VISUAL PROMPT

by Joey Kyber @ Unsplash

Write a story or poem titled 'Chains'.

chain

Everyone is connected to a chain in some way or another. The chain isn’t visible to the eye but it is very much there. It’s something you can’t live without or so you tell yourself. It could be something as simple as that blanket you had as a child and still keep under your pillow as an adult, a sense of comfort. Some people’s chain could be harmful like a toxic relationship you just can’t tear yourself away from even when you know you should. My chain is a bottle, my sense of comfort. I didn’t buy it with a chain but it sure as hell is there. Even when i know it’s no good for me i still dive in. As if there is a message in the bottle, one that screams you need me your nothing without me.

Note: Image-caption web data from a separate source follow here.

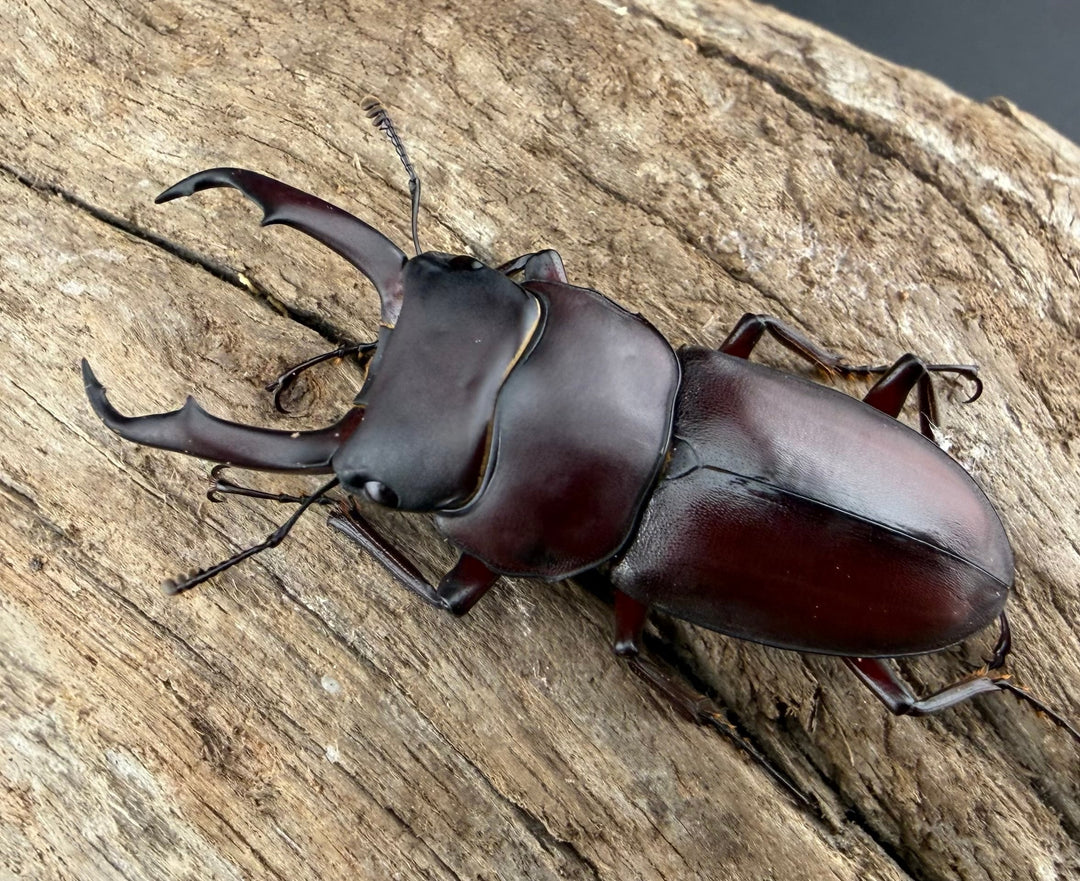 《ミシマコクワガタ 硫黄島産 43.5mm ♂♀♀トリオ》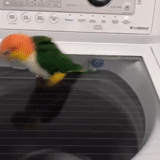 parrot, cocina de loro, lavadora de loros, parrot de tecnología de copia, los loros bailan al lado del horno de microondas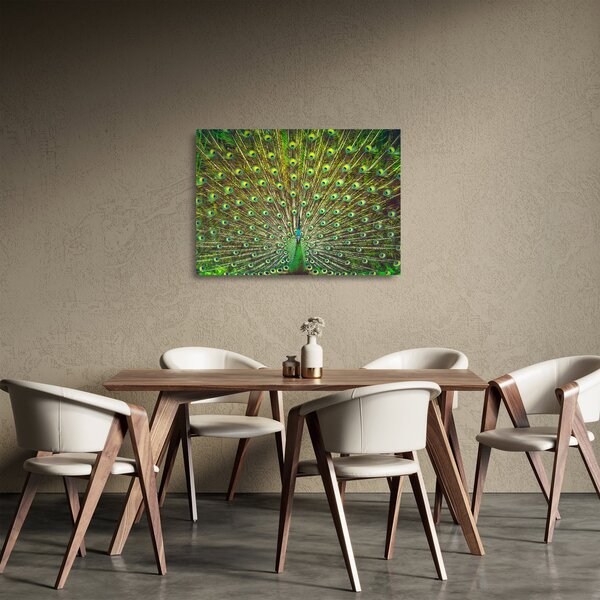 Skleněný obraz - Páv (70x50 cm)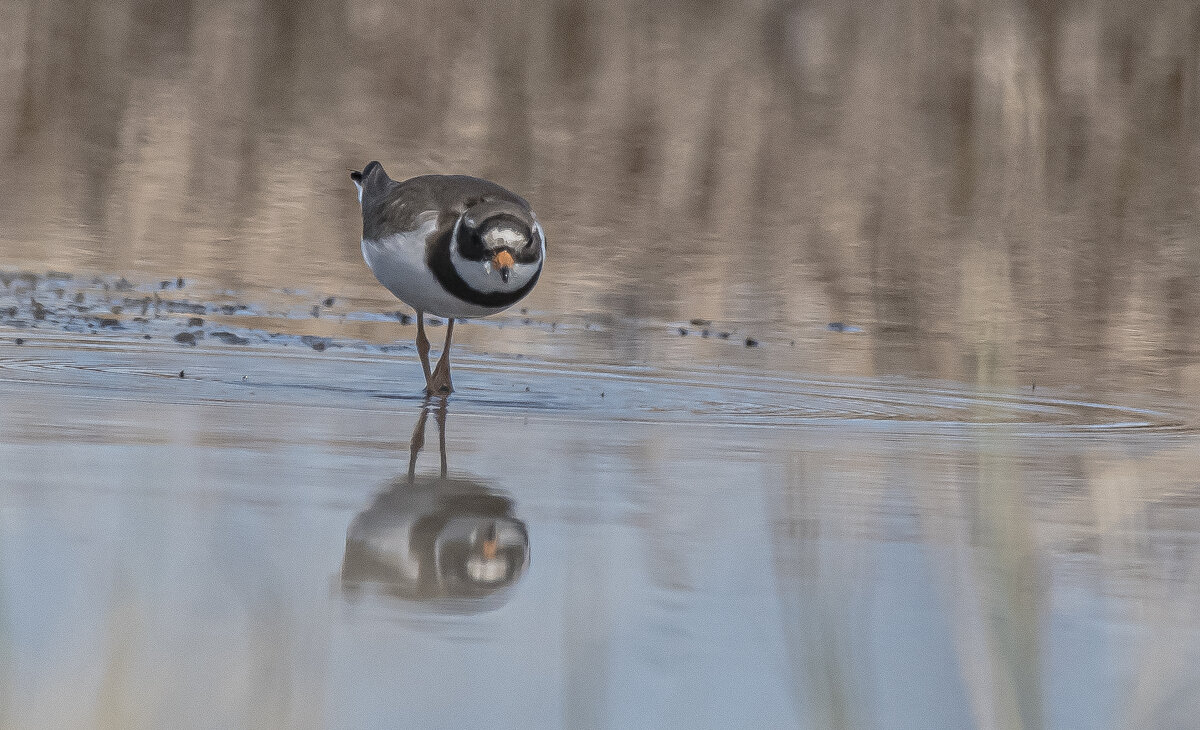 на болотах - Игорь Шабалин
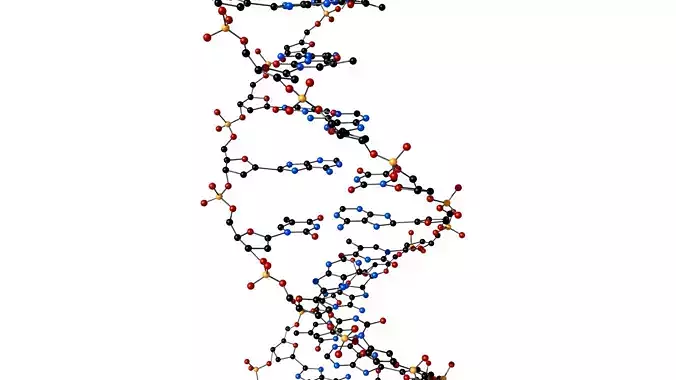 DNA double helix 3D model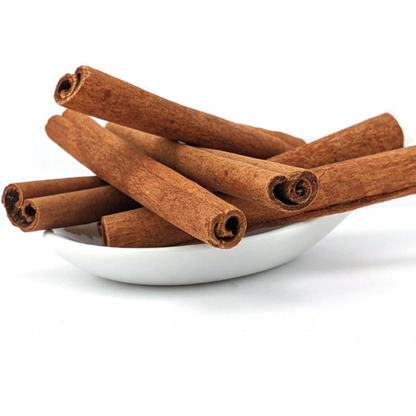 Cinnamon / Karuvapattaa (Cinnamomum verum) Spice Plant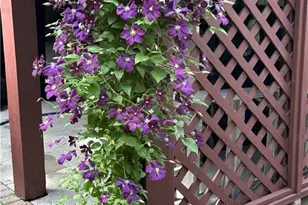 1656 Barn Swallow Pl, Marietta, GA 30062 - Photo 50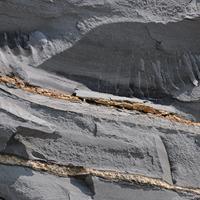 AAPG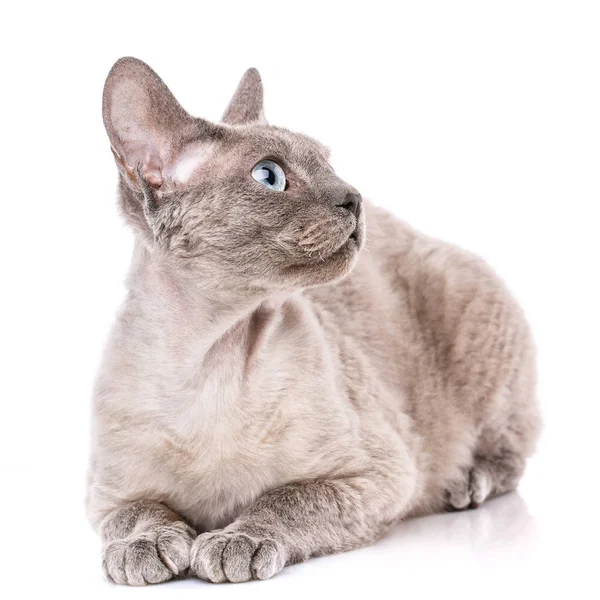 Reinrassige Devon Rex Cat Portrait Auf Weißem Hintergrund — Stockfoto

Which in some ways i’d believe it i’m not nearly as social without the bottle, not very confident either. It isn’t a bottle you give to a child, this bottle contains alcohol. I wasn’t always looped to this chain i actually was very much okay without it at all. I used to have a very good relationship with alcohol we were friends. We would see each other every now and then. For parties or social events we both got invited to.I didn’t need my friend that much just on occasions. I started to depend on it way more, abuse it even. It made me mad and i wasn’t myself unless i had it . It controlled how my mood was with or without it. It made me

cancel plans if i knew it couldn’t come with me, it drained my bank account. It make me lose relationships with all my other friends and family. It gave me anxiety the next day so i’d have to be its friend again. It made me do things i wouldn’t think of doing normally. I lost my sense of being scared when i had my friend which put me in tricky situations. I felt i didn’t need anyone else because i had my best friend already. The chain just seemed to get tighter and tighter and people were noticing. I think the fact it got tighter made me only want it more. I didn’t care who saw or what they had to say about it. It was something i knew could never leave me it had no choice we were connected. I was happy it was there, i was sad it was there, everyone left OKAY its still there. Incase no one has told you every chain can be broken. Break the chain. So i grab the bolt cutters and i cut that mother fucker. I don’t want to be chained to a bottle much less anything in life, i like to have control. I want to break the cycle and allow myself to have a good relationship with alcohol and i can do that. Not everything in life has to be set in stone, chained down. I can allow myself to have a free relationship with alcohol not so much a trauma bond. Everyone is connected to a chain some way or another, i will break mine.